Abstract 10875: Circadian Dependence of Infarct Size and Left-Ventricular Function Following ST-Elevation Myocardial Infarction
Circadian rhythms profoundly influence cardiovascular physiology. In rodents, infarct size following ischemia/reperfusion (I/R) is dependent on the time of coronary occlusion with the largest infarct size occurring when the occlusion is applied at the sleep to wake transition. It is not known if a similar circadian dependence of infarct size occurs in humans. We performed an analysis of 1025 consecutive patients presenting with ST-elevation myocardial infarction (STEMI) to our institution who had ischemic times between 1 and 6 hours.
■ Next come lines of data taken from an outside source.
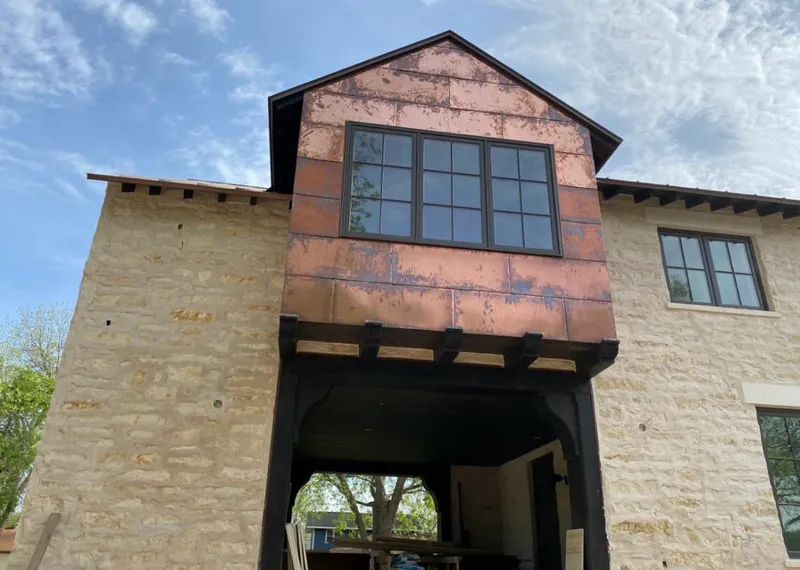 Copper metal panel facade on a stone building for Skylight Installation in Fair Oaks Ranch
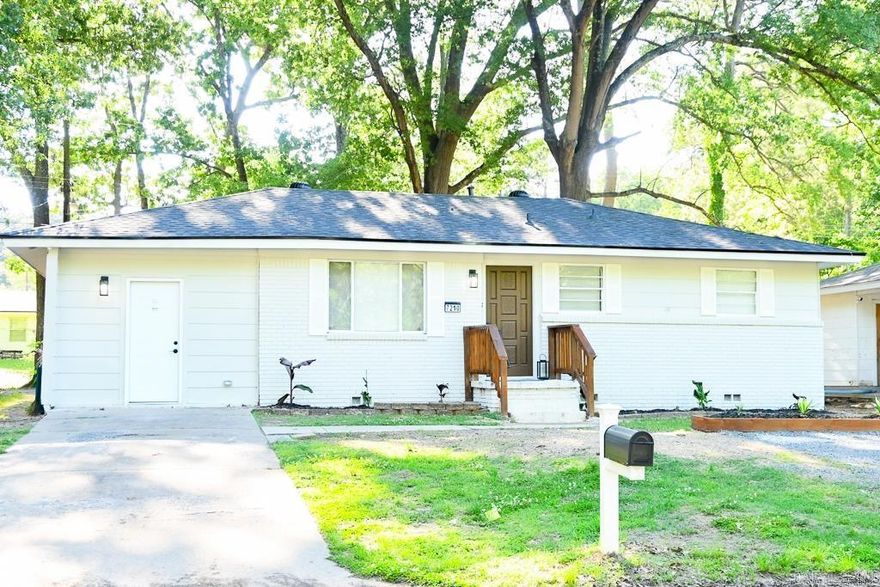 This thoughtfully renovated home is full of charm blending modern updates with a warm, inviting feel. Fresh interior and exterior paint, waterproof laminate flooring, and updated fixtures throughout create a comfortable atmosphere from the moment you walk in. The living room features a custom electric fireplace, while the updated kitchen offers new cabinetry, quartz countertops, gas range, pot filler, and modern finishes. The house also features a flexible bonus space that can serve as a second living area, office, playroom, hobby room, or potential non-conforming bedroom. The primary suite includes a private bath with tiled shower, an anti-fog LED backlit mirror, and a bluetooth speaker bathroom exhaust fan. Hall bath retains original layout but received updates that include flooring and a bluetooth speaker bathroom exhaust fan as well. Additional improvements include new roof (2026), plumbing (2026), and electrical updates (2026). Outside features include fresh landscaping, an additional parking pad, a huge wood planter box, and a newly built back deck perfect for relaxing and entertaining. There are so many enhancements — this home is best experienced in person!
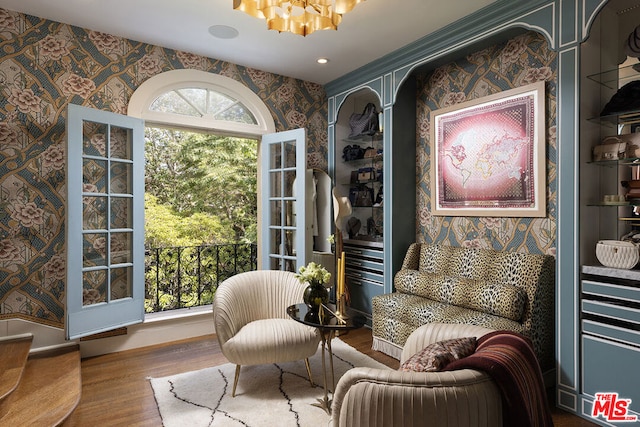 sitting room featuring hardwood / wood-style floors and a chandelier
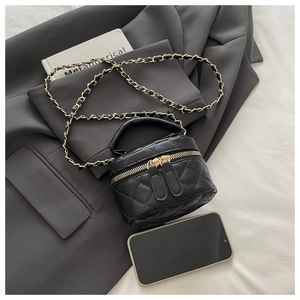 Detail of a black quilted mini vanity bag with gold zippers and chain strap on grey fabric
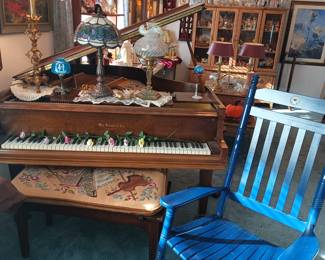 Living room - Baby Grand and rocking chair.   Yes, the chandelier is for sale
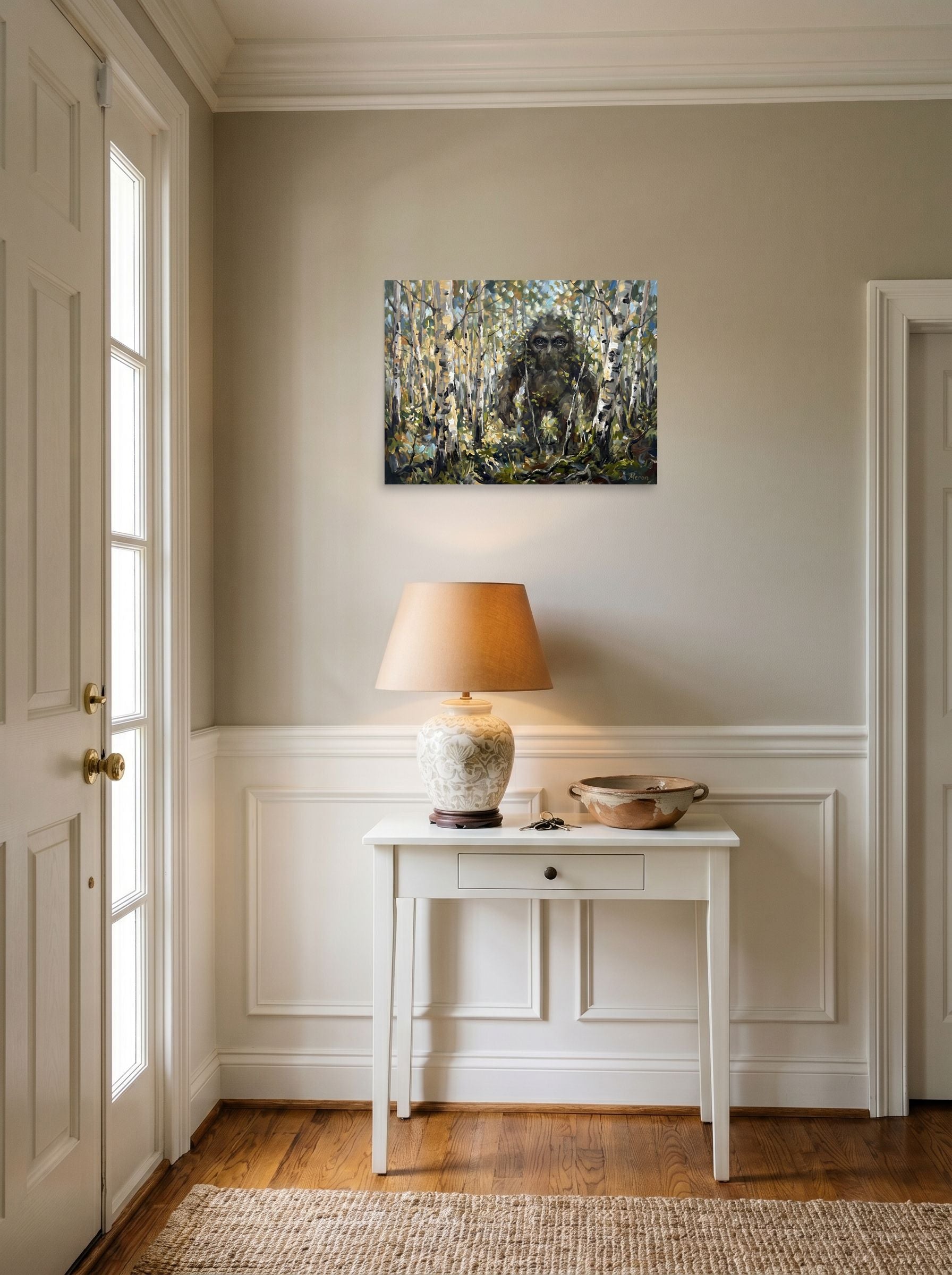 A 24x18 inch unframed paper Expressionism print of 'Forest Watcher' hanging in an entryway near a console.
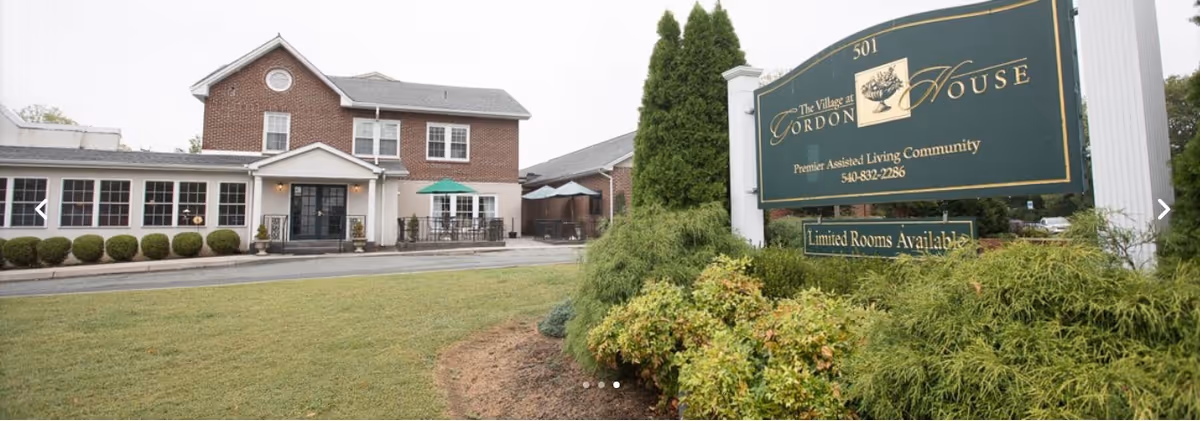 Exterior front of The Village at Gordon House assisted living building with brick façade, entrance, patio and a large green sign in landscaped lawn.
All patients underwent successful primary PCI of the infarct vessel. Important exclusion criteria included patients with TIMI flow > 0 or significant collaterals (n=556), pre-infarction angina (n=94), previous CABG or MI in same vascular distribution (n=74) or cardiac arrest (n=70) leaving a total of 166 patients who underwent circadian analysis. Peak CK was used as a surrogate of infarct size and was validated in a subgroup of patients that underwent cardiac MRI. Left ventricular ejection fraction (LVEF) was measured in 141 patients within 48 hours of PCI. We performed a periodic sinusoidal regression analysis to determine if infarct size is dependent on the onset of infarction. We observed that the extent of infarct size was significantly associated with time of day onset of infarction (p<0.0002). Similarly, left-ventricular ejection fraction (LVEF) measured within 2 days of infarction was also dependent on time of onset of STEMI with the absolute LVEF at peak more than 8% higher than at trough (42% vs. 51%), (p< 0.002) with the peak LVEF shifted by nearly 12 hours from the peak infarct size. We conclude that myocardial infarct size and LVEF show profound time of day dependence in patients with STEMI.
- © 2011 by American Heart Association, Inc.